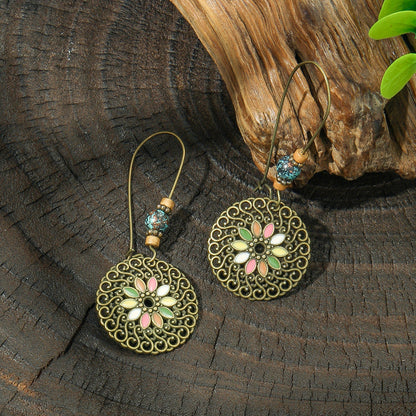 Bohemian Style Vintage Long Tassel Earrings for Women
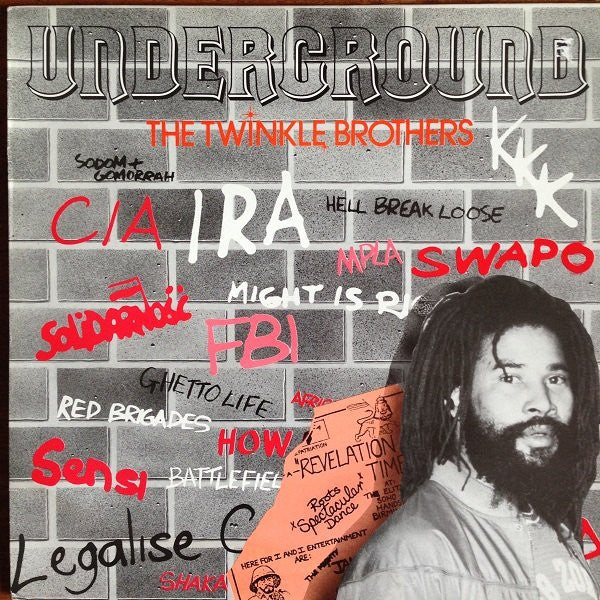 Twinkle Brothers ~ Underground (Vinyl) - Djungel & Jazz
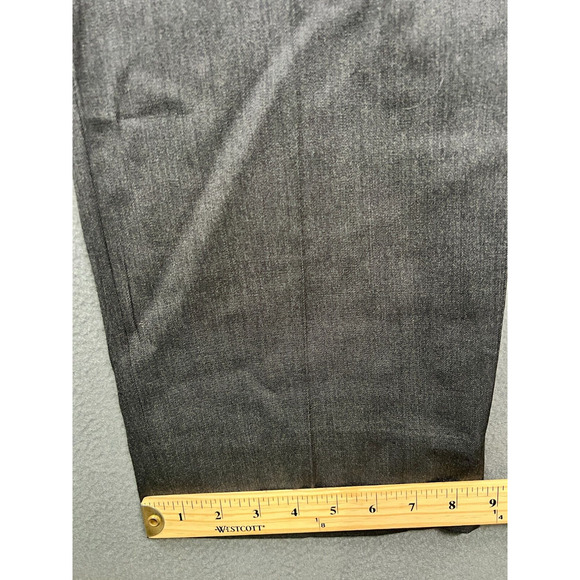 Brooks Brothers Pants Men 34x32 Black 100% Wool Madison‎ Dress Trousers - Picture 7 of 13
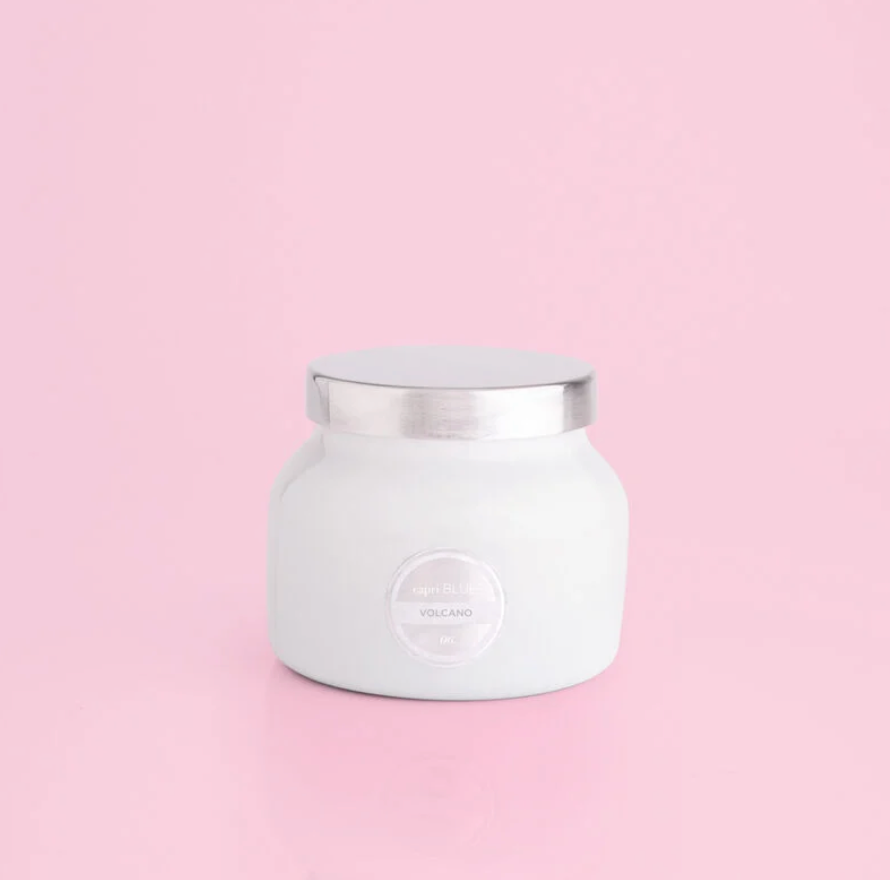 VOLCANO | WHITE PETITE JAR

What this task involves -
Make an exact copy of the listing, with no images in it.

Answer to this problem -
 Bohemian Style Vintage Long Tassel Earrings for Women
 Twinkle Brothers ~ Underground (Vinyl) - Djungel & Jazz
 Brooks Brothers Pants Men 34x32 Black 100% Wool Madison‎ Dress Trousers - Picture 7 of 13
 VOLCANO | WHITE PETITE JAR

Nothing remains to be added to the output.